IEEE Santa Clara Valley Chapter
November 19, 2020
Thursday November 19, 2020, 6:00-8:00PM
Title: “Low-Spur PLL Architectures and Techniques”, Prof. Mike Chen, USC
Location: Virtual Seminar Online, This talk was previously given as a tutorial at the IEEE CICC 2020 Conference.
Registration Link: (Register here)
Date & Time: Thursday November 19, 2020, 6:00-8:00PM
This talk was previously given as a tutorial at the IEEE CICC 2020 Conference.
Location: Virtual Seminar Online
The Online link will be sent to you prior to the seminar.
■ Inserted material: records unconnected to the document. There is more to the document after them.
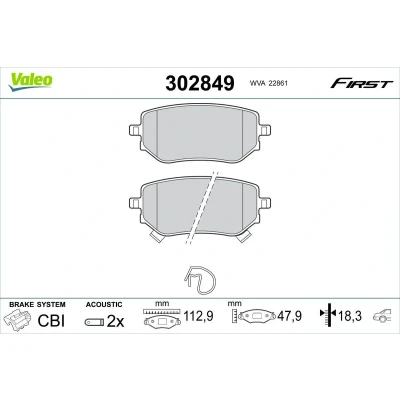 Kuva VALEO 302849 Jarrupalat Taka akseli Sis. kulumisenilmaisimen ilman ruuveja, Huudonvaimennuspellillä NISSAN: NP300 Navara Pick up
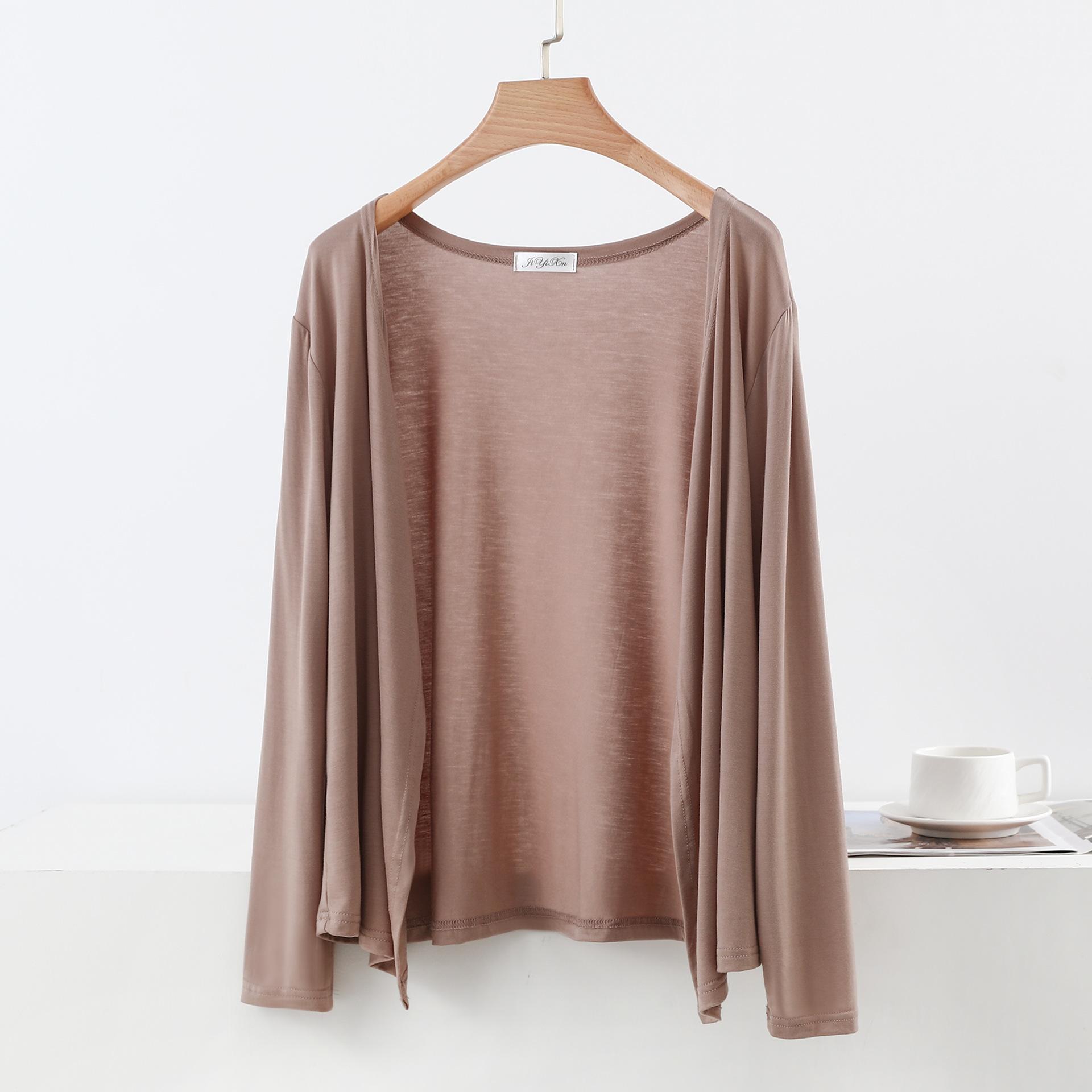 

Plus size M to 6XL Women s New Modal Cardigan Long sleeves shirt Sun Protection Clothing Loose Air-conditioned cover up fashion front-open Tops 6XL хакі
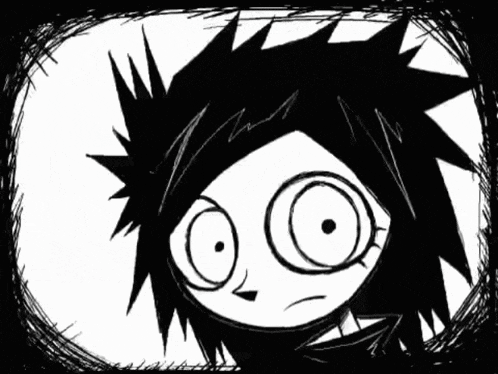 a black and white drawing of a cartoon character with a crown on his head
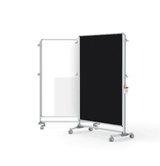 Nexus Partition, Mobile 2-Sided Porcelain Magnetic Whiteboard/ Fabric Bulletin Board, 65"H x 46"W, Black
Registration Link (Required) :
https://scv-sscs-nov.eventbrite.com
Registration Fee: FREE, Donation Requested
IEEE SSCS/CAS members: FREE
IEEE members – $2 donation
Non-members – $5 donation
Abstract:
One key design objective of a frequency synthesizer is to minimize the spurious tones, as they can degrade the overall jitter performance or cause other unwanted system-level impairments. In this tutorial, we will examine the sources of the spurious tone generation in different PLL architectures and operation modes. We will overview several design techniques to mitigate the spurious tones. Lastly, we will go over several real PLL design examples that demonstrate low-spur performances.
Bio:
Mike Shuo-Wei Chen received the B.S. degree from National Taiwan University, Taipei, Taiwan, in 1998 and the M.S. and Ph.D. degrees from University of California, Berkeley, in 2002 and 2006, all in electrical engineering. He is an associate professor in Electrical Engineering Department at University of Southern California (USC) and holds the Colleen and Roberto Padovani Early Career Chair position.
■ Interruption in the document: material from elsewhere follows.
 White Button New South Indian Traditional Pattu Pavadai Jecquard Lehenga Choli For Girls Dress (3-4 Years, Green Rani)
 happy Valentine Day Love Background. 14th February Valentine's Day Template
As a graduate student, he proposed and demonstrated the asynchronous SAR ADC architecture, which has been adopted in industry today for low-power high-speed analog-to-digital conversion products. After joining USC in 2011, he leads an analog mixed-signal circuit group, focusing on high-speed low-power data converters, frequency synthesizers, RF/mm-wave transceiver designs, analog circuit design automation, bio-inspired computing, non-uniformly sampled circuits and systems. From 2006 to 2010, he worked on mixed-signal and RF circuits for various wireless communication products at Atheros Communications (now Qualcomm).
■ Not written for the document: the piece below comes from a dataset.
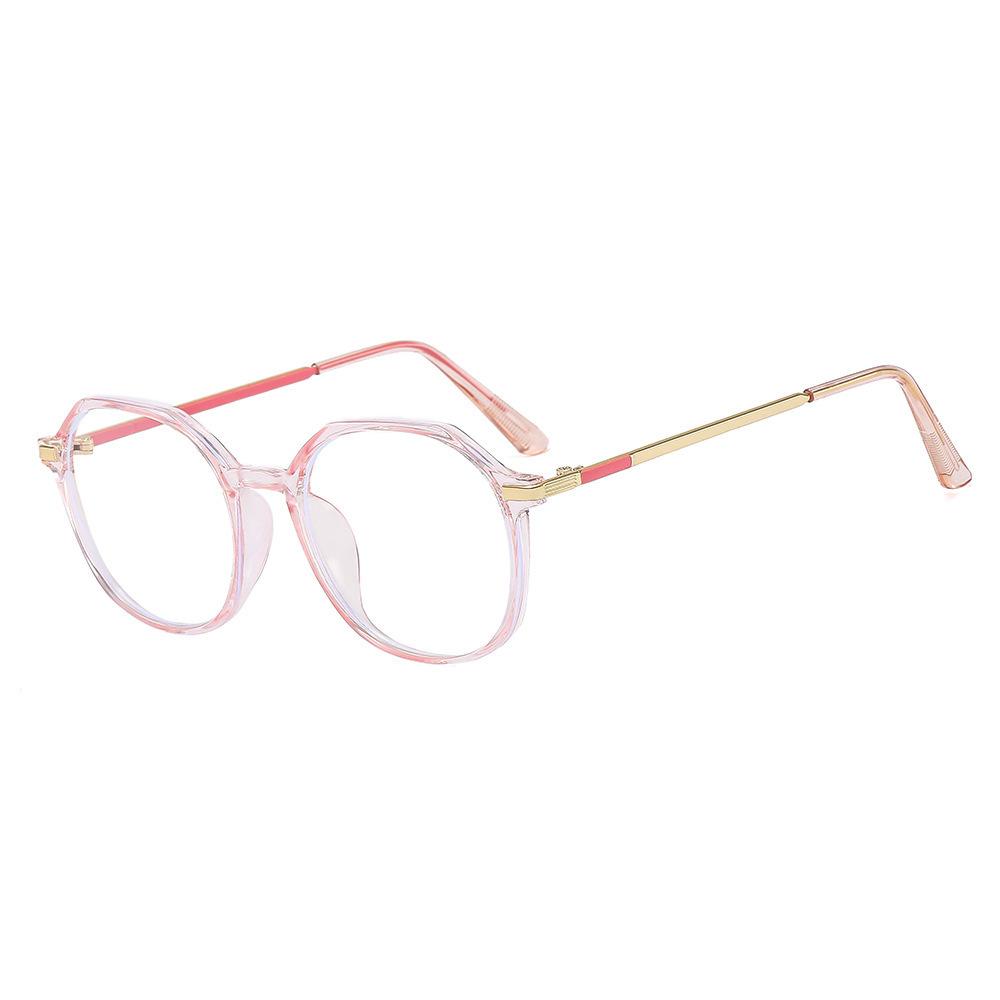 2053 Ochelari de protecție cu ramă rotundă neregulată, culoare ramă optică transparentă, anti-lumină albastră, oglindă simplă cu lumină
Dr. Chen was the recipient of Qualcomm Faculty Award in 2019, NSF Faculty Early Career Development (CAREER) Award, DARPA Young Faculty Award (YFA) both in 2014, Analog Devices Outstanding Student Award for recognition in IC design in 2006 and UC Regents’ Fellowship at Berkeley in 2000. He also achieved an honorable mention in the Asian Pacific Mathematics Olympiad, 1994. Dr. Chen has been serving as an associate editor of the IEEE Solid-State Circuits Letters (SSC-L), IEEE Transactions on Circuits and Systems II: Express Briefs (TCAS-II), as well as a TPC member in IEEE Solid-State Circuits Society conferences, notably the IEEE International Solid-State Circuits Conference (ISSCC), IEEE Symposium on VLSI Circuits, and IEEE Custom Integrated Circuits Conference (CICC).